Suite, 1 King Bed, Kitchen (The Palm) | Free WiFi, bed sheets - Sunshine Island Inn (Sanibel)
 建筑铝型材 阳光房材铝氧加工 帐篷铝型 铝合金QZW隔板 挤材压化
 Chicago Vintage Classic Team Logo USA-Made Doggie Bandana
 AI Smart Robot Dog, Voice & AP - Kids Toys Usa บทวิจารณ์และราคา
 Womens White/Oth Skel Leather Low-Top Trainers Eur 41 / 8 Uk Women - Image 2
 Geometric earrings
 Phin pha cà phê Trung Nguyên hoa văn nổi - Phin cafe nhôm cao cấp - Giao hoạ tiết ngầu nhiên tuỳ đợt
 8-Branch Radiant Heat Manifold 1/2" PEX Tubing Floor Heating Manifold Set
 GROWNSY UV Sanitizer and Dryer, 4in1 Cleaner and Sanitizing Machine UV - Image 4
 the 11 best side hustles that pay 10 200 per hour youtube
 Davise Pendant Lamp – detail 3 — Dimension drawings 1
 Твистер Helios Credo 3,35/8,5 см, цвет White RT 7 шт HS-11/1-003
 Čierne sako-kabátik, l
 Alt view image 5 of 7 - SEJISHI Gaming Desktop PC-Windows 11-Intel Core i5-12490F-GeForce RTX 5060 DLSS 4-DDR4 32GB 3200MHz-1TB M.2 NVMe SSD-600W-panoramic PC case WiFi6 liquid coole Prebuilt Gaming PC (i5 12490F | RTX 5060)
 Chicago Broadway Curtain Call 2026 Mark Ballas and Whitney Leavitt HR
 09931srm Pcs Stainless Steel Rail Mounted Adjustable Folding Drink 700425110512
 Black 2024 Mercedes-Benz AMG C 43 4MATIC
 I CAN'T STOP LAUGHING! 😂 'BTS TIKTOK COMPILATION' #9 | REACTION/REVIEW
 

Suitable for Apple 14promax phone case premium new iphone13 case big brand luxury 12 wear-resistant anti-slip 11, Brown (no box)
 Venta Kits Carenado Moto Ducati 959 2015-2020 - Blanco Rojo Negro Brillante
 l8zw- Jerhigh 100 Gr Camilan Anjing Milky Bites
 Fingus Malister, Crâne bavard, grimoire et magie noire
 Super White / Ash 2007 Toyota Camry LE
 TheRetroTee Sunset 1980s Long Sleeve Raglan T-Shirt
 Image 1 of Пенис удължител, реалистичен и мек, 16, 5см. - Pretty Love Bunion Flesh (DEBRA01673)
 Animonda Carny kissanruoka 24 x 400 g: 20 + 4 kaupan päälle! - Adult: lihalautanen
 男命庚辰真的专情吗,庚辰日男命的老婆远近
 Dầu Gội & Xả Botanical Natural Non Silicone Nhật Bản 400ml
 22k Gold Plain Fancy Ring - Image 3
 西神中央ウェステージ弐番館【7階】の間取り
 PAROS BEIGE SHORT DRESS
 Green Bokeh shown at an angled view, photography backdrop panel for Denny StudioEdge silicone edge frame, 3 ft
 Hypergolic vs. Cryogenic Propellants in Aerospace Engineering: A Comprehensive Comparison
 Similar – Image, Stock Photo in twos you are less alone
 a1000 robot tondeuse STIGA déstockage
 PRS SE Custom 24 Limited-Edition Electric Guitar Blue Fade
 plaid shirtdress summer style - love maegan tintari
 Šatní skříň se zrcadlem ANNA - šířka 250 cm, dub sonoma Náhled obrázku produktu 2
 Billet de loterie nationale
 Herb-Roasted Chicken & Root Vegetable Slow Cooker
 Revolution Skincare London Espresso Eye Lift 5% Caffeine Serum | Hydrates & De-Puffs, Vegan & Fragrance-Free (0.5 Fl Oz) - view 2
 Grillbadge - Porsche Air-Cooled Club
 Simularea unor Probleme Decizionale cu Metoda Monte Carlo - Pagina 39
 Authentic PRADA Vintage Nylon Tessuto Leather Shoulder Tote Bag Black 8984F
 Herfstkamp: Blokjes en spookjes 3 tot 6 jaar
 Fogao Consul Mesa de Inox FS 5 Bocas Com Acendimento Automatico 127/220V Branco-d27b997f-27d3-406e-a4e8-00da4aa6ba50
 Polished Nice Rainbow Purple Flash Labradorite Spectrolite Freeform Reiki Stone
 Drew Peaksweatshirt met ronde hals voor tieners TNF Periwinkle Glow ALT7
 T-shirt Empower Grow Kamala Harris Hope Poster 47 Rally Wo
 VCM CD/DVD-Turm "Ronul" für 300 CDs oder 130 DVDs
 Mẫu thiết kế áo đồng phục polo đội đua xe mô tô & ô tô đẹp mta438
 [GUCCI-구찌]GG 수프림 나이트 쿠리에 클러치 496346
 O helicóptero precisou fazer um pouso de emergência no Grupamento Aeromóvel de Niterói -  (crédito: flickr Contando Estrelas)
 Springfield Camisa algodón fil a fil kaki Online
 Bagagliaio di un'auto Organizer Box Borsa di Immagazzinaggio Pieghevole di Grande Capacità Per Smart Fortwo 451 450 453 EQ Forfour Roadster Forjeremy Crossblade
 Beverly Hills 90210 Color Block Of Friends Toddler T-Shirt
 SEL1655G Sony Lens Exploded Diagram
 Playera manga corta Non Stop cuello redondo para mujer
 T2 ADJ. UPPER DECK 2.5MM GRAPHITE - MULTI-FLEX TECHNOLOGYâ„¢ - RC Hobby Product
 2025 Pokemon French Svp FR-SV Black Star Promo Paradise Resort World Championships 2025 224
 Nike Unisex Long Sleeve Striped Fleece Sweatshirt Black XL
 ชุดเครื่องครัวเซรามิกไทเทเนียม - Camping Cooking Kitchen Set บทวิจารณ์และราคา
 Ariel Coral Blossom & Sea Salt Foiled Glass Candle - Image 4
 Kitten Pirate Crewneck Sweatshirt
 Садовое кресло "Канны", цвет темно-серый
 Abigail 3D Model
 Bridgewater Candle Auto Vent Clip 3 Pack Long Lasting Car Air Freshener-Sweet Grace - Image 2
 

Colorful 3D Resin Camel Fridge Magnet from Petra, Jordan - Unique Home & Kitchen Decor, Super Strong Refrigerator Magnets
•••
• Work to be completed: A faithful retyping of every entry above is the task.

• Written answer:
Suite, 1 King Bed, Kitchen (The Palm) | Free WiFi, bed sheets - Sunshine Island Inn (Sanibel)
 建筑铝型材 阳光房材铝氧加工 帐篷铝型 铝合金QZW隔板 挤材压化
 Chicago Vintage Classic Team Logo USA-Made Doggie Bandana
 AI Smart Robot Dog, Voice & AP - Kids Toys Usa บทวิจารณ์และราคา
 Womens White/Oth Skel Leather Low-Top Trainers Eur 41 / 8 Uk Women - Image 2
 Geometric earrings
 Phin pha cà phê Trung Nguyên hoa văn nổi - Phin cafe nhôm cao cấp - Giao hoạ tiết ngầu nhiên tuỳ đợt
 8-Branch Radiant Heat Manifold 1/2" PEX Tubing Floor Heating Manifold Set
 GROWNSY UV Sanitizer and Dryer, 4in1 Cleaner and Sanitizing Machine UV - Image 4
 the 11 best side hustles that pay 10 200 per hour youtube
 Davise Pendant Lamp – detail 3 — Dimension drawings 1
 Твистер Helios Credo 3,35/8,5 см, цвет White RT 7 шт HS-11/1-003
 Čierne sako-kabátik, l
 Alt view image 5 of 7 - SEJISHI Gaming Desktop PC-Windows 11-Intel Core i5-12490F-GeForce RTX 5060 DLSS 4-DDR4 32GB 3200MHz-1TB M.2 NVMe SSD-600W-panoramic PC case WiFi6 liquid coole Prebuilt Gaming PC (i5 12490F | RTX 5060)
 Chicago Broadway Curtain Call 2026 Mark Ballas and Whitney Leavitt HR
 09931srm Pcs Stainless Steel Rail Mounted Adjustable Folding Drink 700425110512
 Black 2024 Mercedes-Benz AMG C 43 4MATIC
 I CAN'T STOP LAUGHING! 😂 'BTS TIKTOK COMPILATION' #9 | REACTION/REVIEW
 

Suitable for Apple 14promax phone case premium new iphone13 case big brand luxury 12 wear-resistant anti-slip 11, Brown (no box)
 Venta Kits Carenado Moto Ducati 959 2015-2020 - Blanco Rojo Negro Brillante
 l8zw- Jerhigh 100 Gr Camilan Anjing Milky Bites
 Fingus Malister, Crâne bavard, grimoire et magie noire
 Super White / Ash 2007 Toyota Camry LE
 TheRetroTee Sunset 1980s Long Sleeve Raglan T-Shirt
 Image 1 of Пенис удължител, реалистичен и мек, 16, 5см. - Pretty Love Bunion Flesh (DEBRA01673)
 Animonda Carny kissanruoka 24 x 400 g: 20 + 4 kaupan päälle! - Adult: lihalautanen
 男命庚辰真的专情吗,庚辰日男命的老婆远近
 Dầu Gội & Xả Botanical Natural Non Silicone Nhật Bản 400ml
 22k Gold Plain Fancy Ring - Image 3
 西神中央ウェステージ弐番館【7階】の間取り
 PAROS BEIGE SHORT DRESS
 Green Bokeh shown at an angled view, photography backdrop panel for Denny StudioEdge silicone edge frame, 3 ft
 Hypergolic vs. Cryogenic Propellants in Aerospace Engineering: A Comprehensive Comparison
 Similar – Image, Stock Photo in twos you are less alone
 a1000 robot tondeuse STIGA déstockage
 PRS SE Custom 24 Limited-Edition Electric Guitar Blue Fade
 plaid shirtdress summer style - love maegan tintari
 Šatní skříň se zrcadlem ANNA - šířka 250 cm, dub sonoma Náhled obrázku produktu 2
 Billet de loterie nationale
 Herb-Roasted Chicken & Root Vegetable Slow Cooker
 Revolution Skincare London Espresso Eye Lift 5% Caffeine Serum | Hydrates & De-Puffs, Vegan & Fragrance-Free (0.5 Fl Oz) - view 2
 Grillbadge - Porsche Air-Cooled Club
 Simularea unor Probleme Decizionale cu Metoda Monte Carlo - Pagina 39
 Authentic PRADA Vintage Nylon Tessuto Leather Shoulder Tote Bag Black 8984F
 Herfstkamp: Blokjes en spookjes 3 tot 6 jaar
 Fogao Consul Mesa de Inox FS 5 Bocas Com Acendimento Automatico 127/220V Branco-d27b997f-27d3-406e-a4e8-00da4aa6ba50
 Polished Nice Rainbow Purple Flash Labradorite Spectrolite Freeform Reiki Stone
 Drew Peaksweatshirt met ronde hals voor tieners TNF Periwinkle Glow ALT7
 T-shirt Empower Grow Kamala Harris Hope Poster 47 Rally Wo
 VCM CD/DVD-Turm "Ronul" für 300 CDs oder 130 DVDs
 Mẫu thiết kế áo đồng phục polo đội đua xe mô tô & ô tô đẹp mta438
 [GUCCI-구찌]GG 수프림 나이트 쿠리에 클러치 496346
 O helicóptero precisou fazer um pouso de emergência no Grupamento Aeromóvel de Niterói -  (crédito: flickr Contando Estrelas)
 Springfield Camisa algodón fil a fil kaki Online
 Bagagliaio di un'auto Organizer Box Borsa di Immagazzinaggio Pieghevole di Grande Capacità Per Smart Fortwo 451 450 453 EQ Forfour Roadster Forjeremy Crossblade
 Beverly Hills 90210 Color Block Of Friends Toddler T-Shirt
 SEL1655G Sony Lens Exploded Diagram
 Playera manga corta Non Stop cuello redondo para mujer
 T2 ADJ. UPPER DECK 2.5MM GRAPHITE - MULTI-FLEX TECHNOLOGYâ„¢ - RC Hobby Product
 2025 Pokemon French Svp FR-SV Black Star Promo Paradise Resort World Championships 2025 224
 Nike Unisex Long Sleeve Striped Fleece Sweatshirt Black XL
 ชุดเครื่องครัวเซรามิกไทเทเนียม - Camping Cooking Kitchen Set บทวิจารณ์และราคา
 Ariel Coral Blossom & Sea Salt Foiled Glass Candle - Image 4
 Kitten Pirate Crewneck Sweatshirt
 Садовое кресло "Канны", цвет темно-серый
 Abigail 3D Model
 Bridgewater Candle Auto Vent Clip 3 Pack Long Lasting Car Air Freshener-Sweet Grace - Image 2
 

Colorful 3D Resin Camel Fridge Magnet from Petra, Jordan - Unique Home & Kitchen Decor, Super Strong Refrigerator Magnets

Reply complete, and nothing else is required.